Big choruses pay off dug-in movements, and from opener “Heavy Low” through “Angler Must Die” and “Prophecy Wins” and into the instrumental “Get in the Van,” the balance between proggy detail-making, weighted force of tone and rhythm and traditional-feeling earwormery makes Head Smashed In true to its titular sense of impact without necessarily the direct one-on-one violence that “smashed” brings to mind. In the end, there are many ways to cave in a skull.

we hunt buffalo

The shouts in “Industry Woes” feel well-enough earned by that song’s theme, and they have a likewise well-placed effect on the context of the record as a whole, speaking to roots in the Mastodon-informed sphere of modern underground thrust, but for the most part, Head Smashed In works at a comfortable pace. Later, “God Games” takes on an almost post-rocking feel in its subdued verses, but even “Prophecy Wins” — the longest cut at 6:12 and the last chapter of the opening salvo — has a steady, obviously-in-control rollout that never flies too far off the handle on its way to its engaging melodic finish. “The Giant’s Causeway” finds Carter double-timing his ride cymbal in the chorus, and that adds a sense of urgency, but in that song as well there’s no danger of We Hunt Buffalo losing their way. They might be at their speediest on “Get in the Van,” but the same applies, and ultimately, the range on Head Smashed In is more about volume and melody than about tempo.

That’s not to say there’s no changing it up, as the back-to-back run of “Anxious Children” into “God Games” demonstrates, just that the impression the tracks make draws more from the trades between Forsythe and Simpson on vocals and the shifts between louder and quieter parts than playing grind on one track and doom on another.
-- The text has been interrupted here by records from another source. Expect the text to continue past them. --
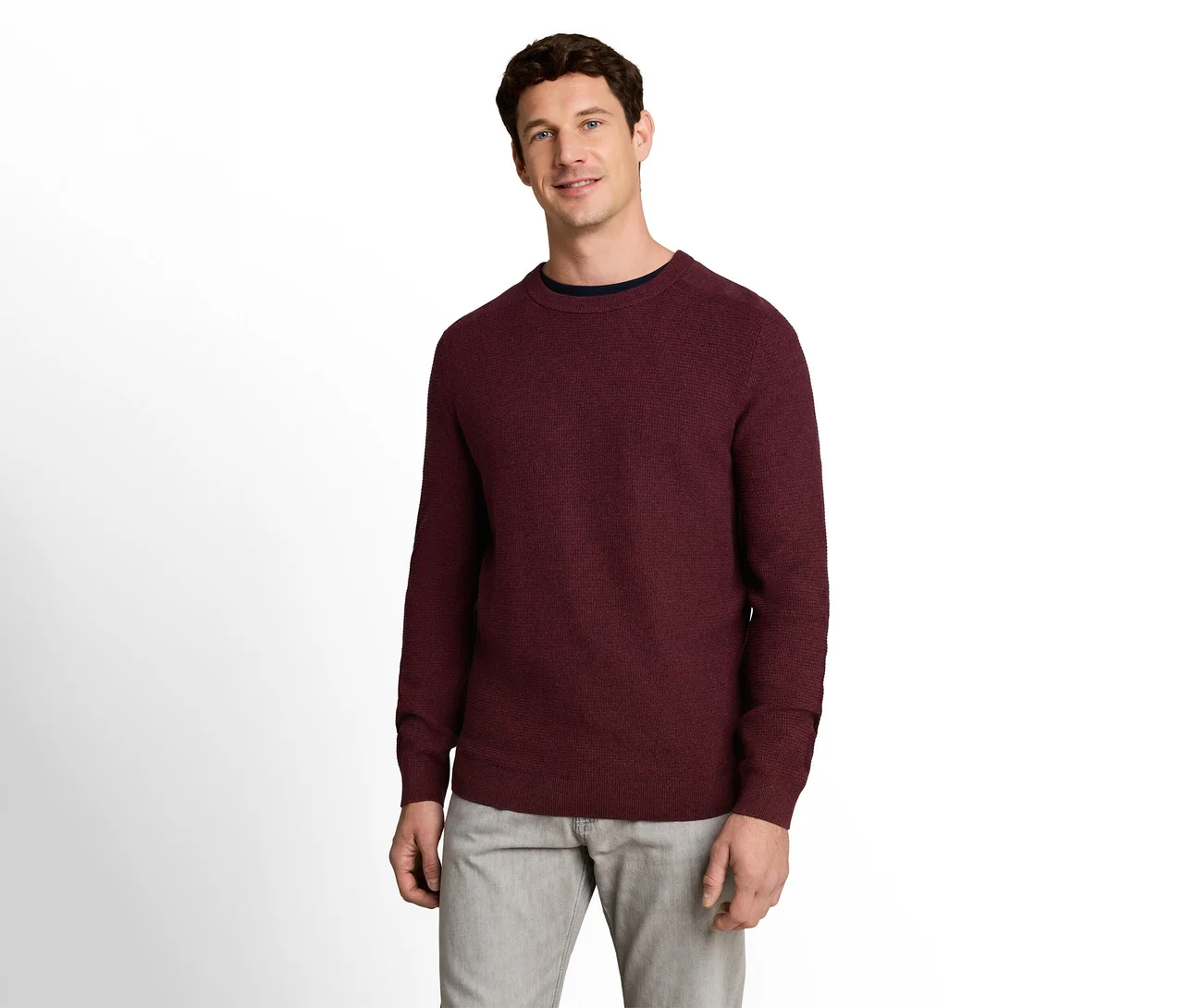 Mann in einem weinroten Pullover mit Rundhalsausschnitt über einem dunkelblauen T-Shirt und hellgrauen Hosen, lächelnd.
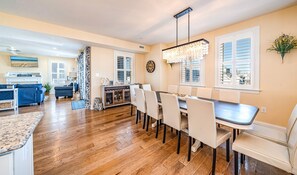 Elegant dining space with seating for ten plus a breakfast bar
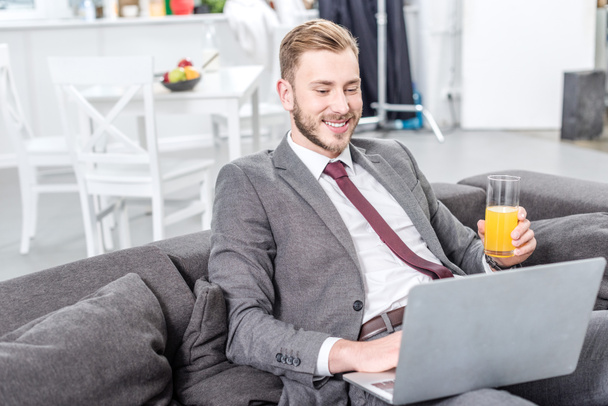 uomo d'affari sorridente in abbigliamento formale bere succo d'arancia e utilizzando il computer portatile
 - Foto, immagini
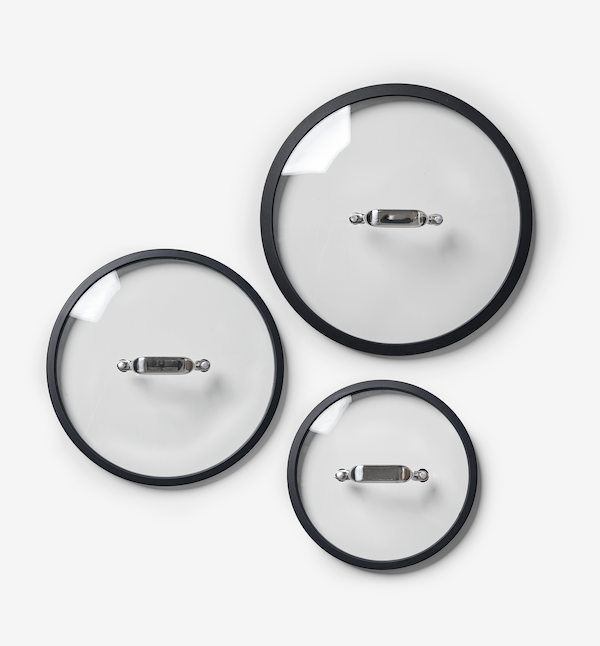 Set of three glass cookware lids with black rims and stainless steel handles in small, medium, and large sizes
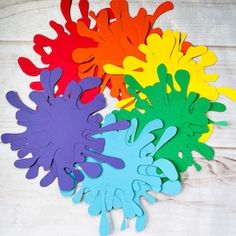 four different colored handprints on a white surface, one is multicolored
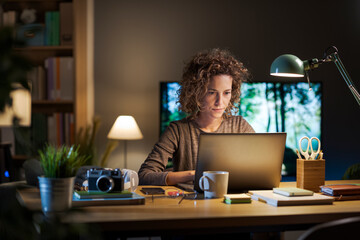 Young woman working on her laptop at home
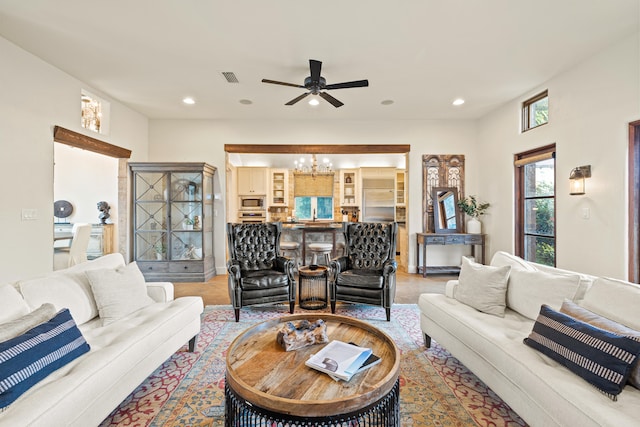 living room featuring ceiling fan with notable chandelier and light hardwood / wood-style floors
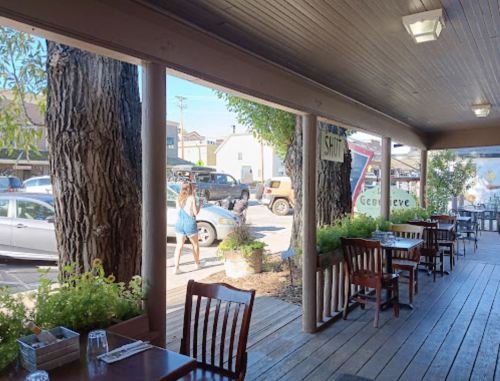 Outdoor dining area with wooden tables, large trees, and a view of a busy street with pedestrians and parked cars.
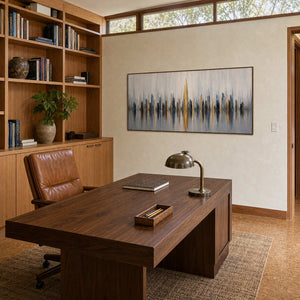 Textured cityscape wall art displayed in a refined home office.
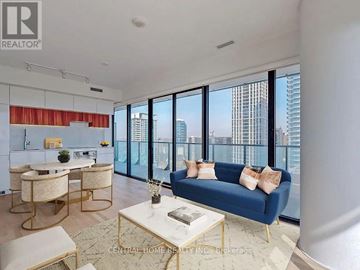 Toronto (Mount Pleasant West) condo for rent - A living room with a blue couch and a table with a vase on it.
Their pacing helps draw the material together and create a flow that moves the listener from start to finish, and it’s in how they work within that sphere that We Hunt Buffalo emanate a maturity in their approach that even just three years ago they simply didn’t have. It might not come across as such on a first time through, but Head Smashed In is actually pretty classy. The performances are sharp, the mix is deep and allows for emotional resonance in the melodies that are so crucial to the memorable nature of the songs, and there is an overarching groove that results in an all-the-more coherent vibe. Very much a third album. Very much the product of a group who know what they want to do, who are steady in their approach, confident in the studio, working how they want to work and able to bring a sense of energy to their output regardless of the outward push. It’s not the kind of record a band could make their first time out.

And maybe that’s part of the idea behind the title — to mask some of that intricacy in a notion of brute force. Fair enough. Influences from the likes of Elder situate We Hunt Buffalo in a forward-thinking heavy sphere with the likes of Forming the Void, and like the lines in its cover art, which also features a smashed head or two, it’s the pinpoint details in the songs that make their third LP succeed in the manner it does. They bolster the strong choruses of cuts like “Prophecy Wins” and “The Giant’s Causeway” and “Keep it Refreshing,” while giving those who’d rightfully return for multiple listens all the more reason to keep coming back. It’s songwriting. But just like one might look at the name of the album and prejudge an expectation of what’s coming, there’s more to the proceedings in the individual pieces than their plus-sized riffs and stories about monsters. Though there’s plenty of that too for anyone who’d readily take them on.